━━━━━ EXTRACTED DATA ━━━━━

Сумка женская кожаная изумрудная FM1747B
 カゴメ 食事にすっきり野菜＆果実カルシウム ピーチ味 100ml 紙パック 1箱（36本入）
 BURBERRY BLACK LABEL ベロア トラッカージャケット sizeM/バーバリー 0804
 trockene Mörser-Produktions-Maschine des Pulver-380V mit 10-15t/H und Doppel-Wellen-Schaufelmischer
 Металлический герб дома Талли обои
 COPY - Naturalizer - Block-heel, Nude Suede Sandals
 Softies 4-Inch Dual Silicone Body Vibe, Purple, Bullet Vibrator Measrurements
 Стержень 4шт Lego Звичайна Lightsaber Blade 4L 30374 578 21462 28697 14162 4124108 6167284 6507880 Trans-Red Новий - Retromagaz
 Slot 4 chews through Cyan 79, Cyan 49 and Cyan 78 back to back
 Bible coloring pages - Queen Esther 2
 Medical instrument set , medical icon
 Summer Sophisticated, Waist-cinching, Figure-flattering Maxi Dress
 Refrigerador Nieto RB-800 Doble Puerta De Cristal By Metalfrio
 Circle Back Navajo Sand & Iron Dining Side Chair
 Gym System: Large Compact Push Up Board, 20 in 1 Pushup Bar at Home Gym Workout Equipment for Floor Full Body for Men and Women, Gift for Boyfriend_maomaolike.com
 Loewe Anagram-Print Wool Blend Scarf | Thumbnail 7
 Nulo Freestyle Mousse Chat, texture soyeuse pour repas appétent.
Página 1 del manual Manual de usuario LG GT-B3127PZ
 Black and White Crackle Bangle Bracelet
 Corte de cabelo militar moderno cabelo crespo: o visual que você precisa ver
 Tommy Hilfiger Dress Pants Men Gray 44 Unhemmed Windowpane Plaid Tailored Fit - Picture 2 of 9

━━━━━

*PROBLEM DETAILS*: The answer should reproduce all of the data without any alteration.

*ANSWER FOR THE TASK*:
Сумка женская кожаная изумрудная FM1747B
 カゴメ 食事にすっきり野菜＆果実カルシウム ピーチ味 100ml 紙パック 1箱（36本入）
 BURBERRY BLACK LABEL ベロア トラッカージャケット sizeM/バーバリー 0804
 trockene Mörser-Produktions-Maschine des Pulver-380V mit 10-15t/H und Doppel-Wellen-Schaufelmischer
 Металлический герб дома Талли обои
 COPY - Naturalizer - Block-heel, Nude Suede Sandals
 Softies 4-Inch Dual Silicone Body Vibe, Purple, Bullet Vibrator Measrurements
 Стержень 4шт Lego Звичайна Lightsaber Blade 4L 30374 578 21462 28697 14162 4124108 6167284 6507880 Trans-Red Новий - Retromagaz
 Slot 4 chews through Cyan 79, Cyan 49 and Cyan 78 back to back
 Bible coloring pages - Queen Esther 2
 Medical instrument set , medical icon
 Summer Sophisticated, Waist-cinching, Figure-flattering Maxi Dress
 Refrigerador Nieto RB-800 Doble Puerta De Cristal By Metalfrio
 Circle Back Navajo Sand & Iron Dining Side Chair
 Gym System: Large Compact Push Up Board, 20 in 1 Pushup Bar at Home Gym Workout Equipment for Floor Full Body for Men and Women, Gift for Boyfriend_maomaolike.com
 Loewe Anagram-Print Wool Blend Scarf | Thumbnail 7
 Nulo Freestyle Mousse Chat, texture soyeuse pour repas appétent.
Página 1 del manual Manual de usuario LG GT-B3127PZ
 Black and White Crackle Bangle Bracelet
 Corte de cabelo militar moderno cabelo crespo: o visual que você precisa ver
 Tommy Hilfiger Dress Pants Men Gray 44 Unhemmed Windowpane Plaid Tailored Fit - Picture 2 of 9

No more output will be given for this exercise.